Gianotti Luca, Sandini Marta
School of Medicine and Surgery, University of Milano-Bicocca and Department of Surgery, San Gerardo Hospital, Monza, Italy.
Department of General, Visceral and Transplantation Surgery, University of Heidelberg, Heidelberg, Germany.
Clin Nutr. 2020 Aug;39(8):2347-2357. doi: 10.1016/j.clnu.2019.10.029. Epub 2019 Nov 2.
BACKGROUND & AIM: The perioperative severe changes in the nutritional and metabolic homeostasis are, by some means, proportional to the extent of tissue injury and magnitude of operative trauma. An adequate qualitative and quantitative replacement of nutritional substrates are of utmost importance to facilitate proper tissue healing and recovery and maintenance of organ function after surgery.
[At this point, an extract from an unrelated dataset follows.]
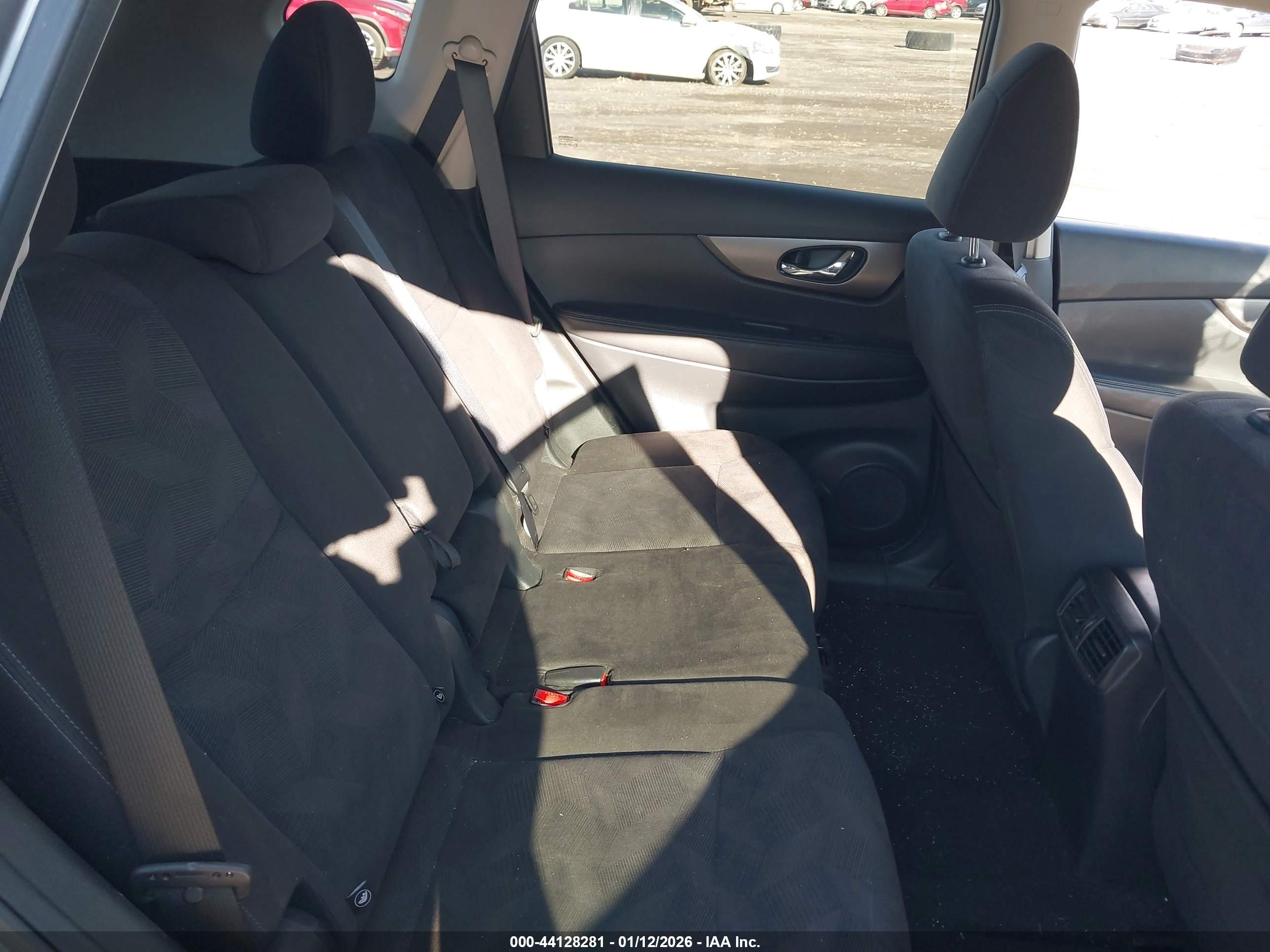 NISSAN ROGUE image 8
The present manuscript has been planned to put the most recent research of the Milano-Bicocca University surgical working group in the context of a more personalized nutritional therapy and metabolic care for surgical patients. Particular prominence has been given to major pancreatic resections because these surgeries are among the most complex and challenging operations for the degree of parenchyma resection and tissue dissection, the consequent overall injury, and the fairly high rate of major complications resulting in a catabolic response.
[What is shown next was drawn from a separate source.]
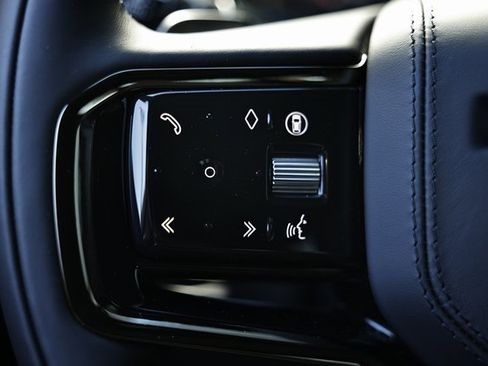 New 2026 Land Rover Range Rover Velar Dynamic SE image 43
Anthropometric parameters and particularly sarcopenia, visceral obesity - and their relative proportion -, are strongly associated with poor outcome after pancreatic surgery. Adequate perioperative nutritional therapy is of utmost importance in affecting morbidity. Long-term nutritional and metabolic sequelae, caused by exocrine pancreatic insufficiency, need to be promptly recognized and treated with an adequate enzyme supplementation.
There is strong evidence sustaining the necessity of proper perioperative metabolic and nutritional care into the management of patients undergoing major pancreatic surgery.
围手术期营养和代谢稳态的严重变化在某种程度上与组织损伤程度和手术创伤大小成正比。充分进行营养底物的定性和定量补充对于促进术后组织的正常愈合、恢复以及维持器官功能至关重要。
本手稿旨在将米兰比可卡大学外科工作组的最新研究置于为外科患者提供更个性化营养治疗和代谢护理的背景下。特别强调了胰腺大部切除术,因为这些手术在实质切除程度、组织解剖、随之而来的整体损伤以及导致分解代谢反应的较高主要并发症发生率方面,属于最复杂且最具挑战性的手术。
人体测量参数,尤其是肌肉减少症、内脏肥胖及其相对比例,与胰腺手术后的不良预后密切相关。充分的围手术期营养治疗对于影响发病率至关重要。由外分泌性胰腺功能不全引起的长期营养和代谢后遗症需要及时识别,并通过适当补充酶进行治疗。
有强有力的证据支持在接受胰腺大部手术患者的管理中进行适当围手术期代谢和营养护理的必要性。